Commission des lois constitutionnelles, de législation, du suffrage universel, du Règlement et d'administration générale — Réunion du 16 juin 2021 à 9h00
Projet de loi relatif à la prévention d'actes de terrorisme et au renseignement — Examen du rapport et du texte de la commission

Photo de Pierre OuzouliasPierre Ouzoulias, rapporteur pour avis de la commission de la culture :

Merci, au nom de la commission de la culture, de nous avoir permis de nous saisir pour avis de l'article 19, parce qu'il touche directement à la loi de 2008, qui est fondatrice du régime d'accès aux documents historiques et aux archives.
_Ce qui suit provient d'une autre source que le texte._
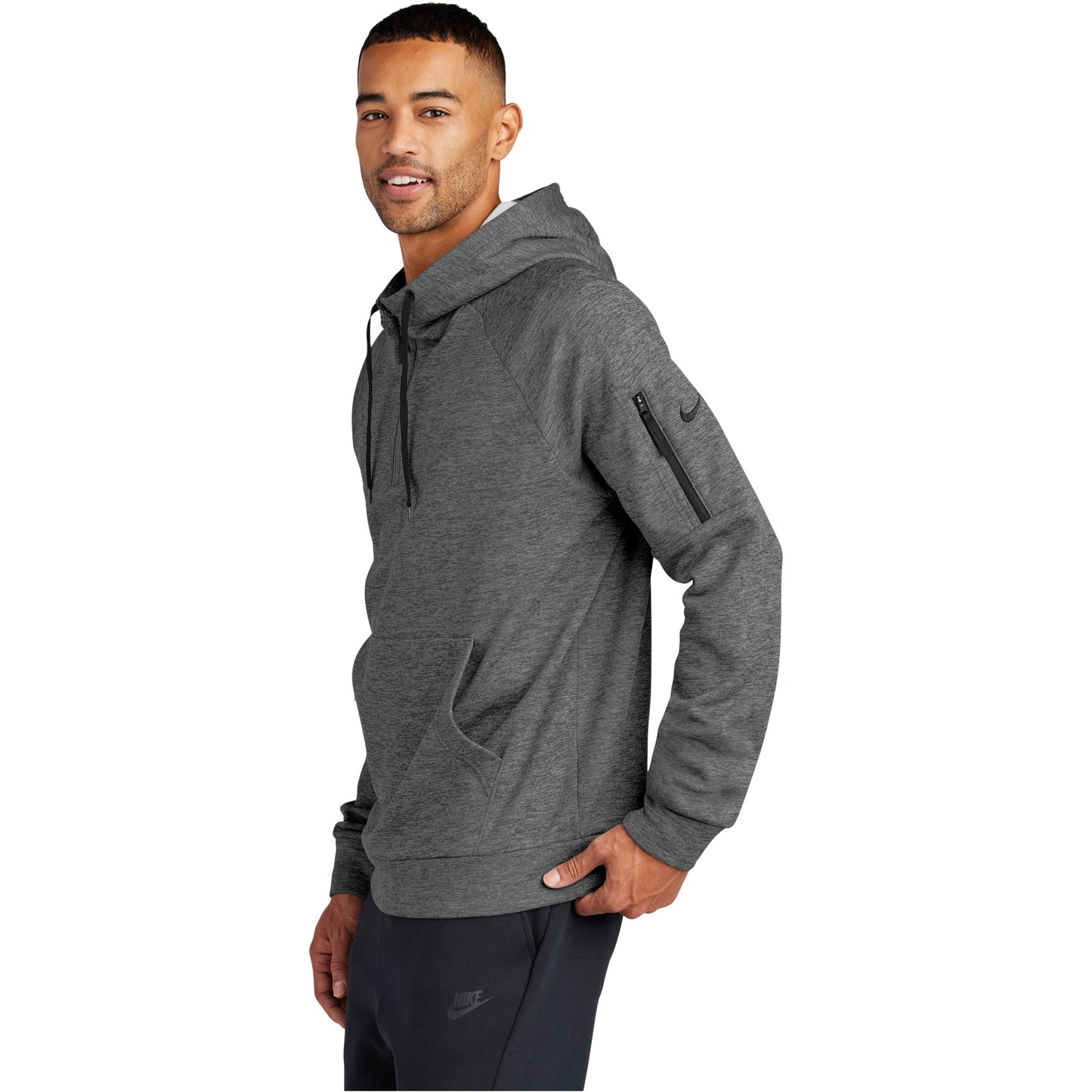 Charcoal Heather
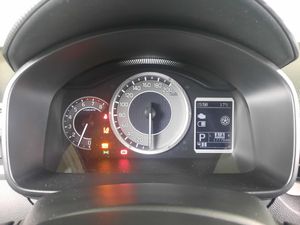 Suzuki Ignis Ignis 1.2 Mild Hybrid CVT GLX  - Foto 12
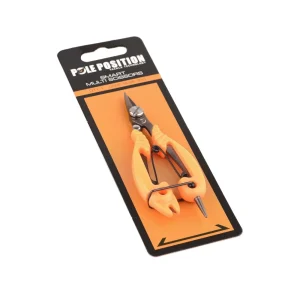 Pole Position Smart Multi Scissor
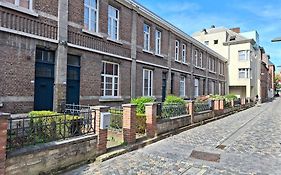 Huis ALNA 3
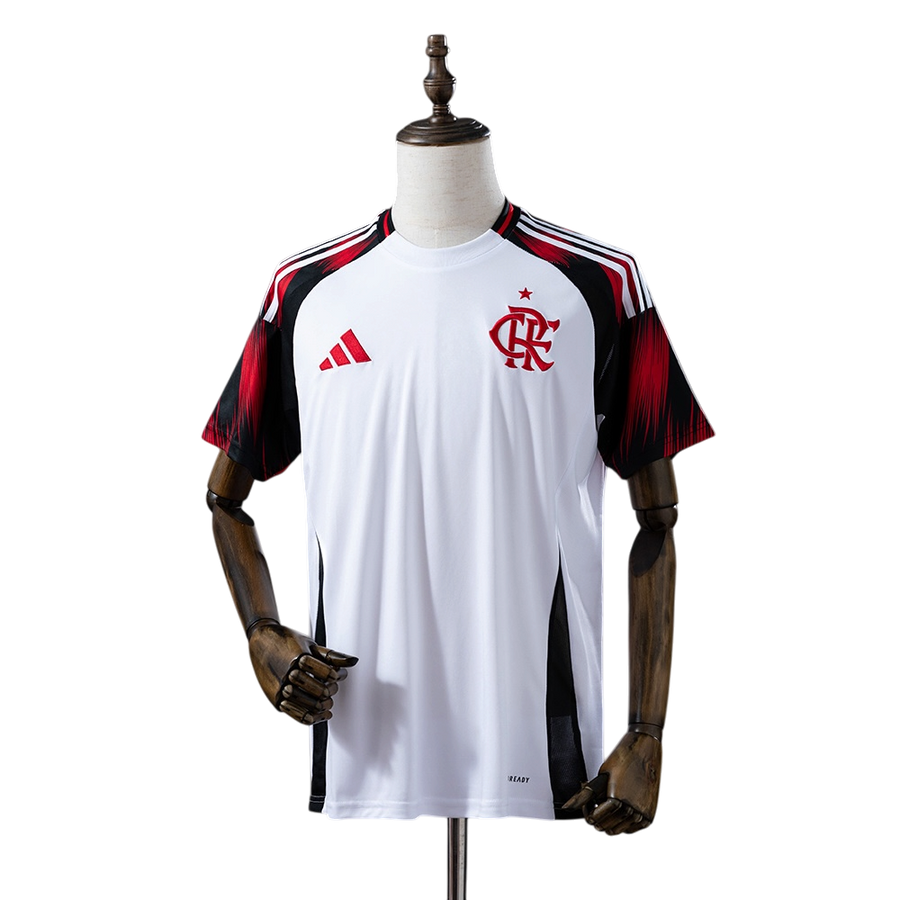Maillot Flamengo Extérieur 25/26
La commission des lois du Sénat avait porté le texte de 2008, en la personne du sénateur René Garrec, qui avait une sensibilité très particulière pour tout ce qui touche à la mémoire et à l'histoire - il avait d'ailleurs participé à certaines des grandes heures de l'Histoire de notre pays.

La loi de 2008 portait une triple exigence : le libre accès à toutes les archives ; la compétence du législateur pour définir les régimes dérogatoires ; un rôle interministériel au ministère de la culture dans la gestion, au profit des usagers, des relations avec les autres ministères qui détiennent des archives, comme notamment celui de l'armée et celui des affaires étrangères.

À la suite d'une instruction générale interministérielle, qui a été prise sous la forme juridique d'un arrêté, ces principes ont été remis en question. Cet arrêté, en effet, considère que tout acte classé défense postérieur à 1934 doit être déclassifié avant de pouvoir être communiqué, ce qui a obligé notamment le service historique de la défense à déclassifier un million de pièces, dont certaines, paradoxalement, avaient déjà fait l'objet de publications ! Ainsi, de ce document très secret qui émane de l'état-major particulier du général de Gaulle à Londres, daté du 15 juin 1943 : cette pièce, qui était consultable, était classifiée et, pour être de nouveau communicable, a été déclassifiée par un magnifique coup de tampon apposé sur le document original, par décision n° 502 133 du 23 mars 2020. Cette instruction interministérielle a été attaquée, et le rapporteur public a considéré qu'elle n'était pas fondée en droit. Le Conseil d'État rendra cet après-midi une décision essentielle.

Dans les quatre catégories prévoyant des délais plus long avant la communicabilité des documents - qui ne sont pas remises en cause par la commission de la culture - il y a des documents classés, mais aussi des documents non classés, qui jusqu'à présent étaient communicables et qui ne le seraient plus du fait de la création de ces quatre nouvelles catégories. Je pense, par exemple, aux ouvrages hydrauliques de grande hauteur, comme le barrage de Bort-les-Orgues sur la Dordogne : les plans sont librement consultables aujourd'hui, mais ne le sauraient plus demain, à la faveur de ces nouvelles catégories. Ce qui pose problème à la commission de la culture, c'est que les documents classés dans ces quatre catégories pourraient être de nouveau consultables en fonction de délais glissants et qui ne sont pas toujours très bien définis par la loi. Le Conseil d'État a demandé au ministère de la défense de définir des actes positifs permettant de savoir à quel moment ces documents pourraient être consultables.